▽

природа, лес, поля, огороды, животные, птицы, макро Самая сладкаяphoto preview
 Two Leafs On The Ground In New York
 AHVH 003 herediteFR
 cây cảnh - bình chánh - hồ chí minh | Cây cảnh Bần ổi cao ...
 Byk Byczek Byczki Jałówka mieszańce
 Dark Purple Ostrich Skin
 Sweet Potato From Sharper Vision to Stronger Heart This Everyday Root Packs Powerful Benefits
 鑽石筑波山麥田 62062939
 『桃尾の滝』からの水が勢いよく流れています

△

* [WHAT TO PRODUCE]: Print every record above exactly as it was given.

* [ANSWER]:
природа, лес, поля, огороды, животные, птицы, макро Самая сладкаяphoto preview
 Two Leafs On The Ground In New York
 AHVH 003 herediteFR
 cây cảnh - bình chánh - hồ chí minh | Cây cảnh Bần ổi cao ...
 Byk Byczek Byczki Jałówka mieszańce
 Dark Purple Ostrich Skin
 Sweet Potato From Sharper Vision to Stronger Heart This Everyday Root Packs Powerful Benefits
 鑽石筑波山麥田 62062939
 『桃尾の滝』からの水が勢いよく流れています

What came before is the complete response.